Le rhum dégusté ici provient d’un sample acheté sur un site internet, évoquant le fût #8 à 46° ;   problème d’affichage, le fût 8 est annoncé par La Favorite à 41,6%. Autre problème, mon sample a été mesuré à 42,8°…soit plus proche du fût #9 (43°). Je suis donc bien incapable de vous dire d’où vient vraiment le rhum testé vu que les différentes informations ne coïncident pas entres elles.

 

 


 

La Favorite Privilège 1999 / 43°

Assemblage de rhums hors d’âge vieillis 17 ans et mis en fûts (ex-Cognac) en 1999, sorti en hommage à André Dormoy qui a mis fin à sa carrière en 1999. 3500 bouteilles numérotées sont issues de ce millésime.

 

La robe est ambré soutenu, propose des jambes assez grasses et nombreuses et évoque la gourmandise.

Au nez se dégage une odeur chaude et sucrée de fruits au sirop, d’ananas avec une odeur légère et timide qui laisse déjà imaginer une bouche dans le même registre. Arrivent des odeurs de miel, de pruneau et de la cerise au sirop avec du repos et quelques notes de tabac (blond) et de poivre qui chatouillent les narines. Au final, le nez de ce millésime est assez simple et léger et manque cruellement de profondeur ; ça restera malheureusement plat malgré les longues minutes d’attente.
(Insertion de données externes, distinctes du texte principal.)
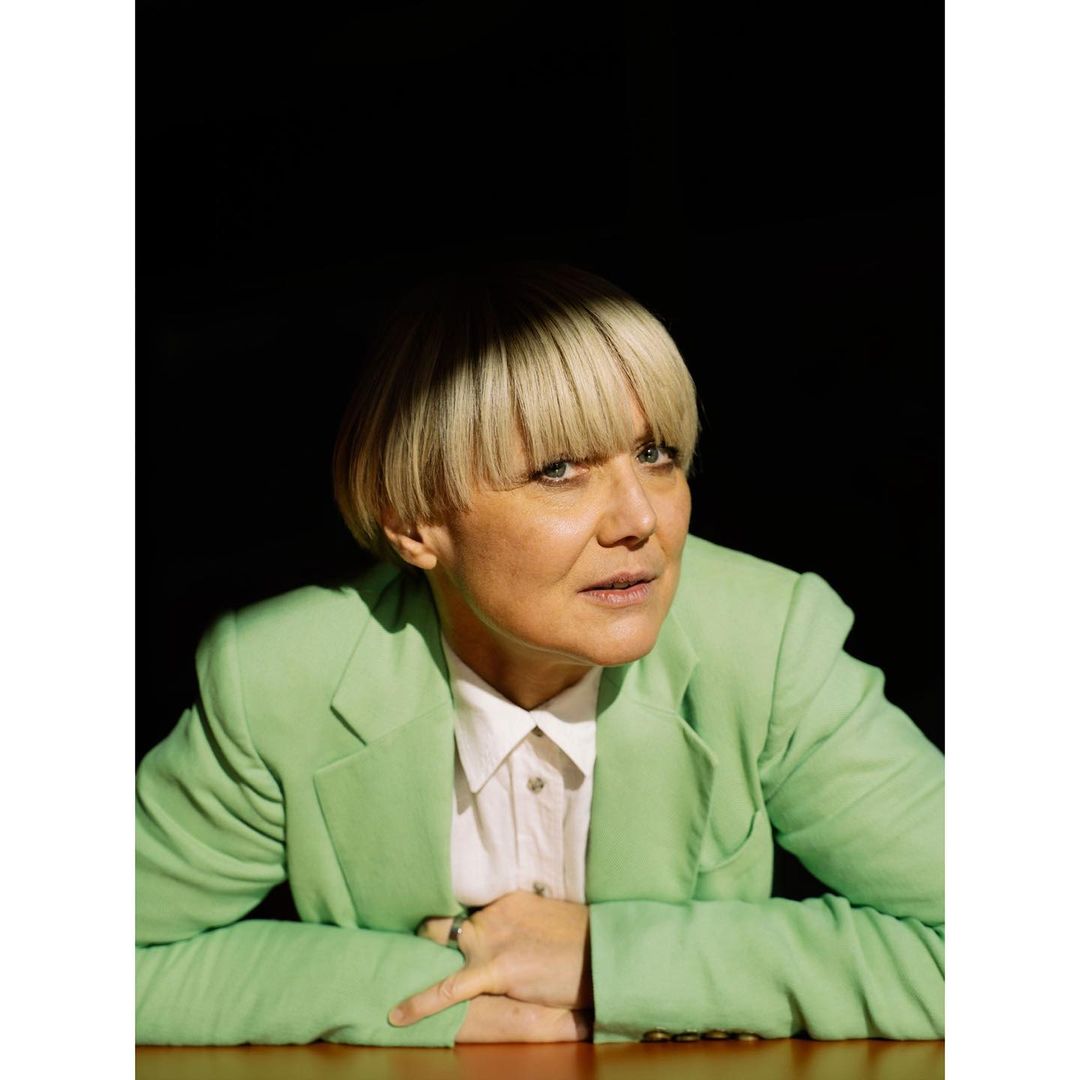 Blonde woman in a light green blazer poses indoors with a neutral expression, lit by diffused light and set against a dark background.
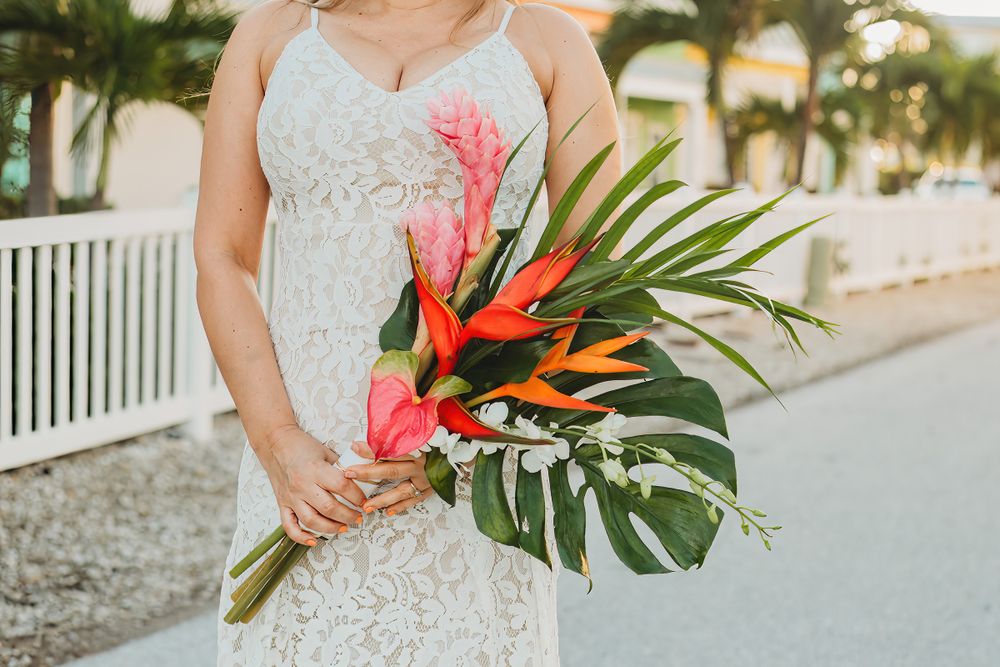A couple in wedding attire holding tropical flowers against a beach resort backdrop.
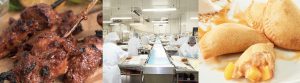 Team members in a commercial-grade kitchen assembling gourmet food trays during a co‑packing production run.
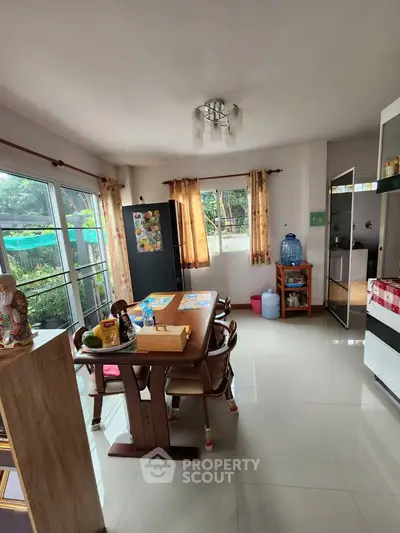 Spacious kitchen with dining area and large windows offering natural light.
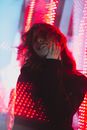Woman in Black Jacket Surrounded with Red Lights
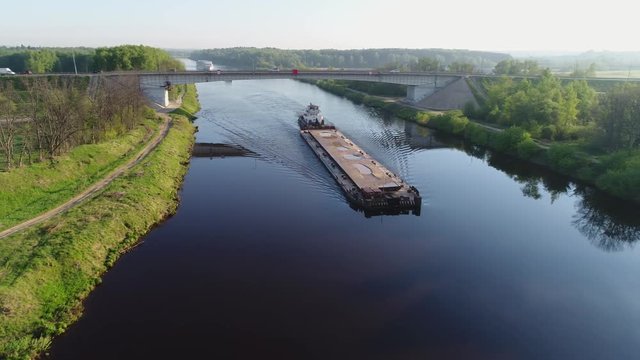 Aerial view. The tug and the barge loaded with river sand swims under the concrete road bridge on which the car ride. The cargo ship sails on the Moscow Channel on a sunny summer day.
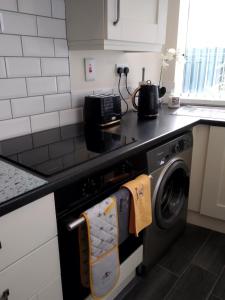 a kitchen with a stove with a washing machine at Fishermans Cottage in Killough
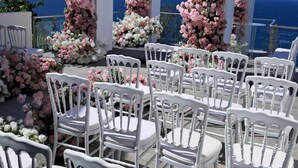 Un espace extérieur aménagé avec des tables et des chaises blanches, situé en bord de mer et agrémenté de compositions florales.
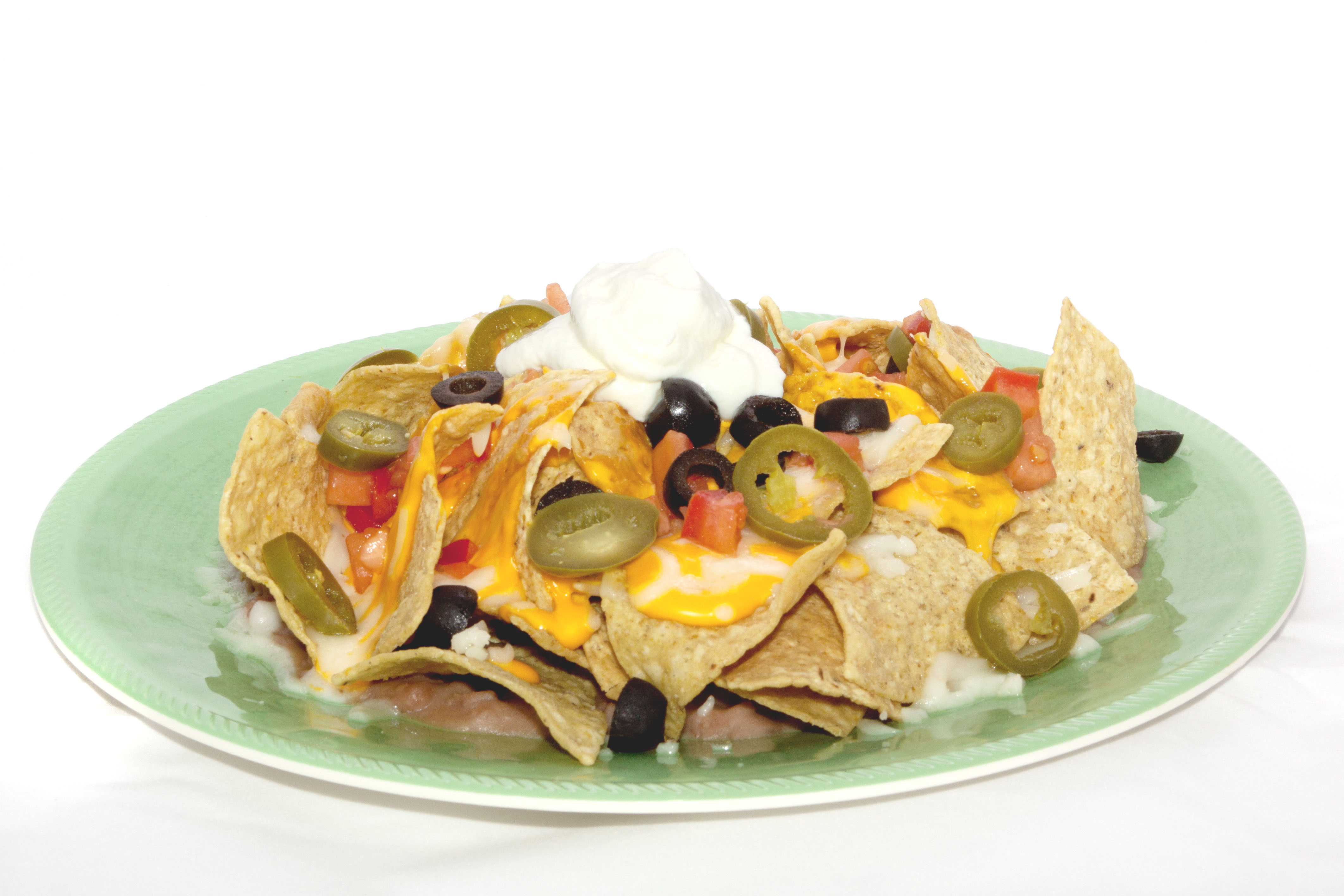 Order Nachos food online from North of The Border Mexican Restaurant store, Bartlett on bringmethat.com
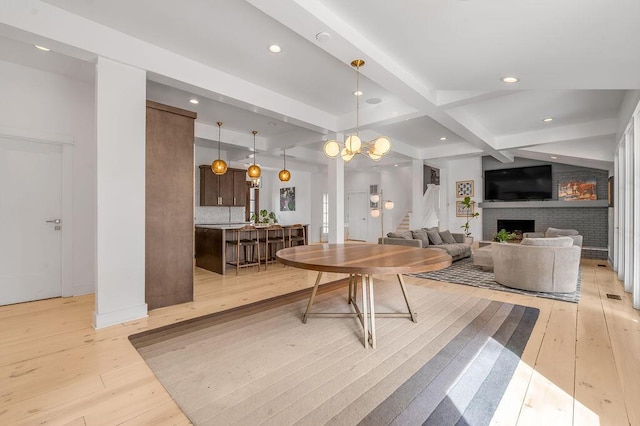 813 Westchester Dr, Lexington, KY 40502 - living area featuring light wood-style flooring, beam ceiling, recessed lighting, coffered ceiling, and a brick fireplace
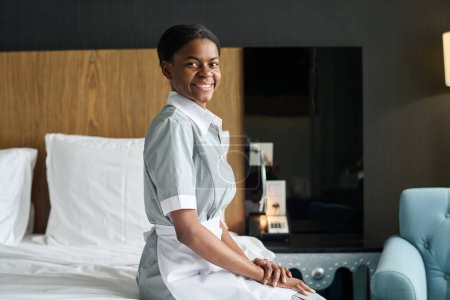 Retrato de vista lateral de la joven mujer negra como ama de llaves con uniforme y sonriendo a la cámara sentada en la cama en el espacio de copia de la habitación del hotel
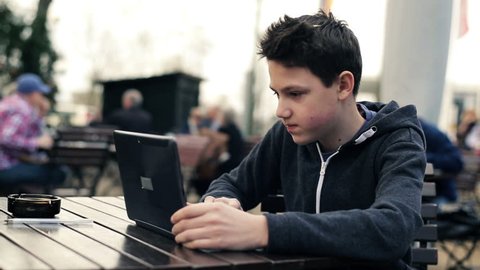 Young teenage student working on laptop in cafe
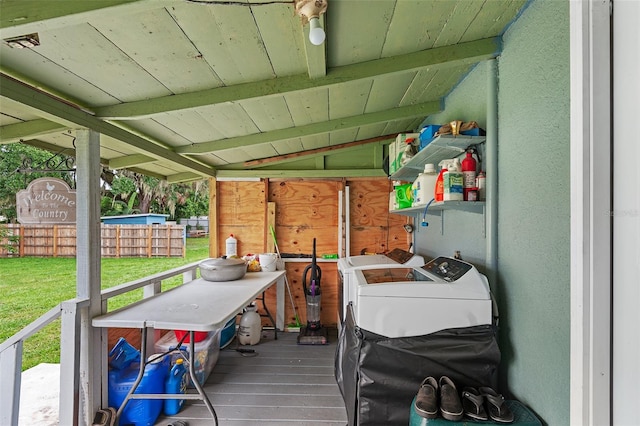 exterior space with a yard and washing machine and clothes dryer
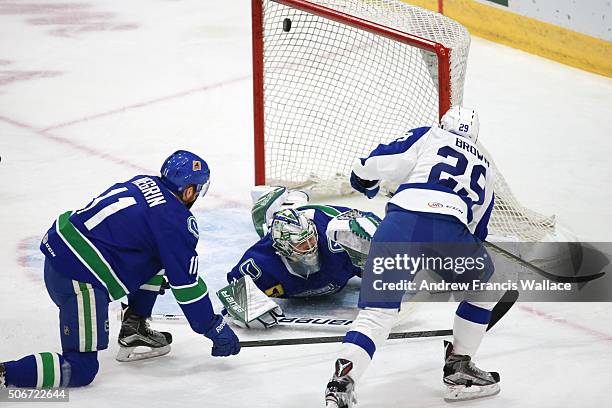 Toronto Marlies Connor Brown scores his second goal of the game past Utica Comets goalie Richard Bachman and defensemen John Negrin during first...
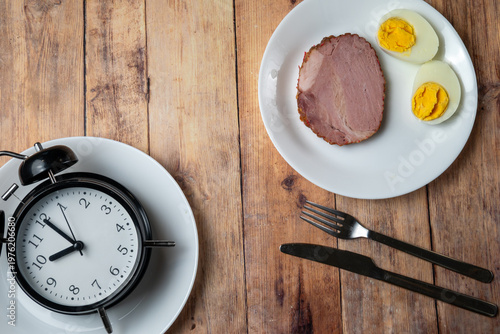 Intermittent fasting concept with meal and clock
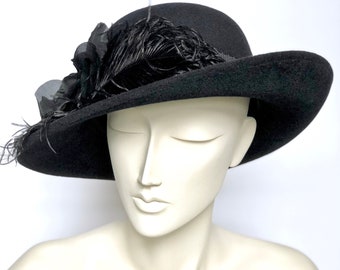 May include: A black hat with a wide brim, adorned with black feathers and fabric flowers. The hat is displayed on a mannequin head. The hat's design is classic and elegant, suitable for special occasions.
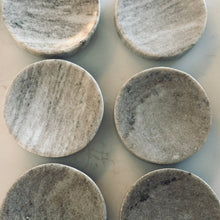 Load image into Gallery viewer, Six round stone coasters with a marbled pattern on a light gray background
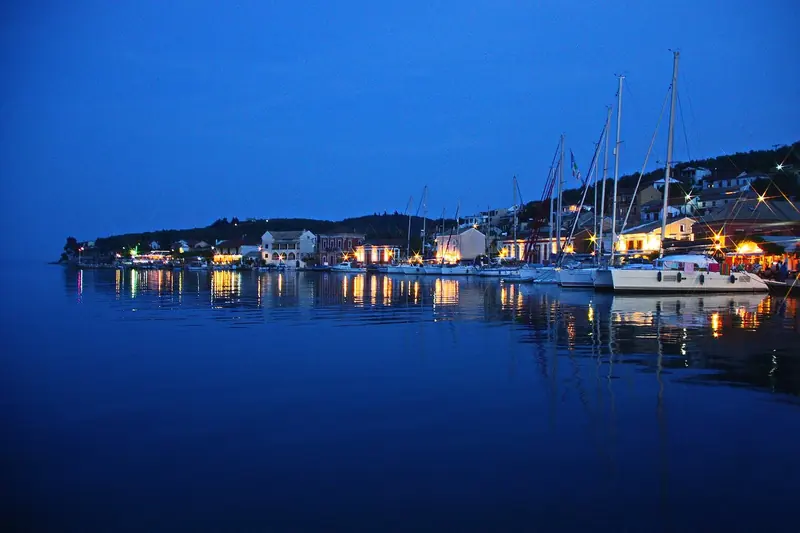 The harbour at Gaios on Paxos at dusk, with yachts stern to along the quay and the tavernas lit fifteen metres from the passerelle.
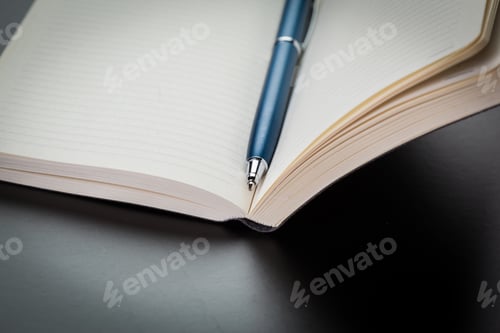 Preview: blank notebook and pen on the table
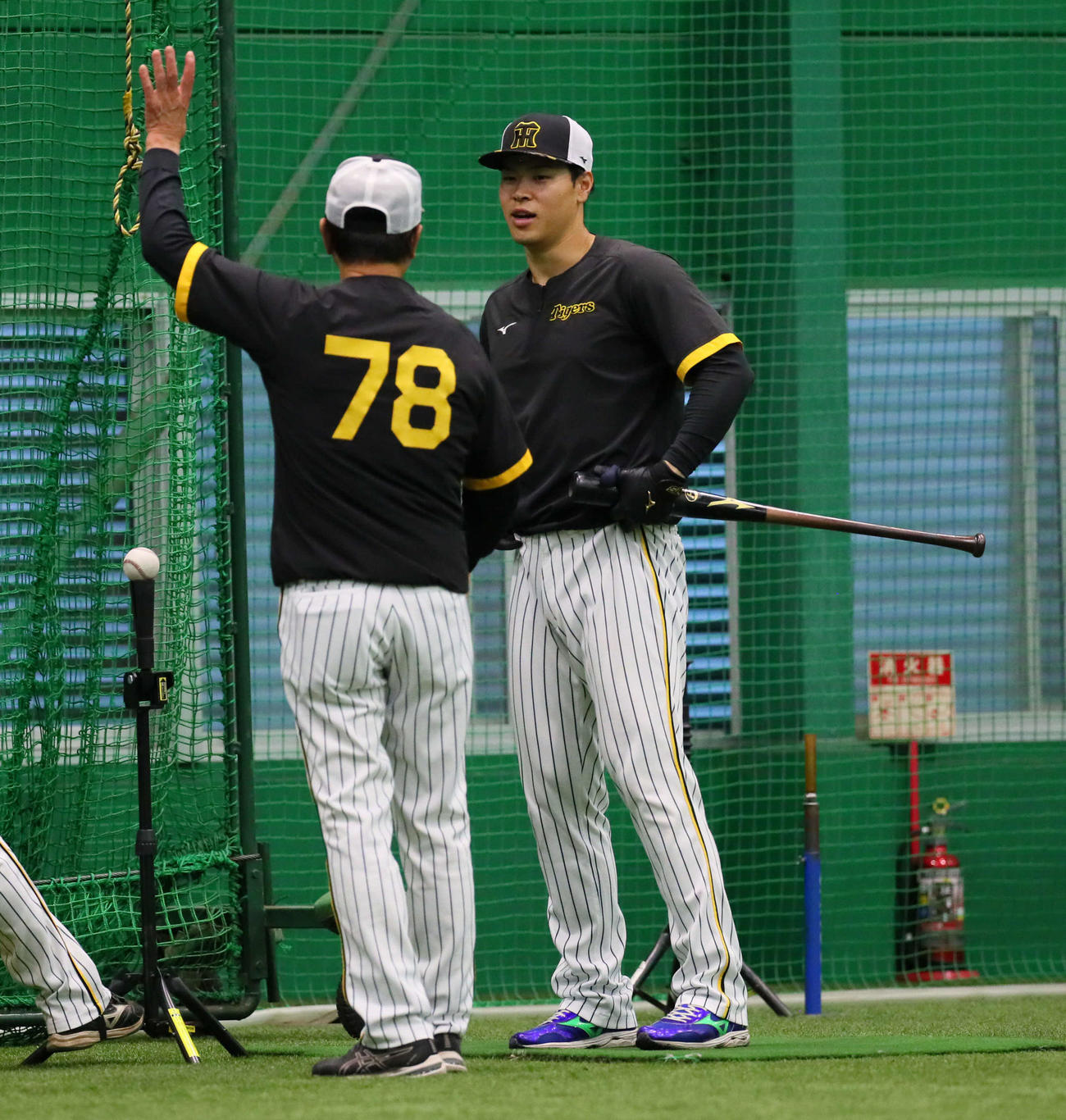 打撃練習を前に平田ヘッドコーチ（左）と話し合う佐藤輝（撮影・宮崎幸一）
Nous sommes ici à des années lumières du 2008 malgré l’âge plus avancé de ce rhum, à se demander ce qui s’est passé avec cette cuvée Privilège qui manque franchement de personnalité ; espérons que la bouche rattrapera vite le niveau.

En bouche justement, le rhum est d’abord mielleux, moelleux, sur du fruit compoté et sucré mais rapidement rattrapé par des notes acides et amères, avec des tanins agressifs et des épices piquantes (et un boisé humide amer, en plus de réglisse). Cela pourrait sûrement valoir le détour dans d’autres circonstances, mais ça ne donne rien de très agréable au final et le boisé prédomine dans une bouche déséquilibrée. La fin de bouche est courte, sèche, sucrée, sur des notes d’alcool qui s’évaporent en bouche et du bois mouillé.

Qu’il est difficile d’enchainer ce rhum après le millésime 2008, et le blanc mono-variétal… On pense partir sur une dégustation de plus en plus agréable et on finit par une déception totale avec l’impression de s’éloigner de ce qui fait tout la force de La Favorite, à savoir un produit de base excellent. Note: 72

 

 


 

La Favorite  1995 / 44,1°

Un rhum millésimé (1995) issu du fût #42 et âgé de 20 ans, embouteillé en 2015 et sorti en partenariat avec La Confrérie du Rhum. Plusieurs fûts sortiront, celui-ci étant le dernier « en date ».

 

Robe caramel, acajou bronze, brillante, assez grasse et des barreaux en lieu et place de fines jambes. Du solide et du gourmand.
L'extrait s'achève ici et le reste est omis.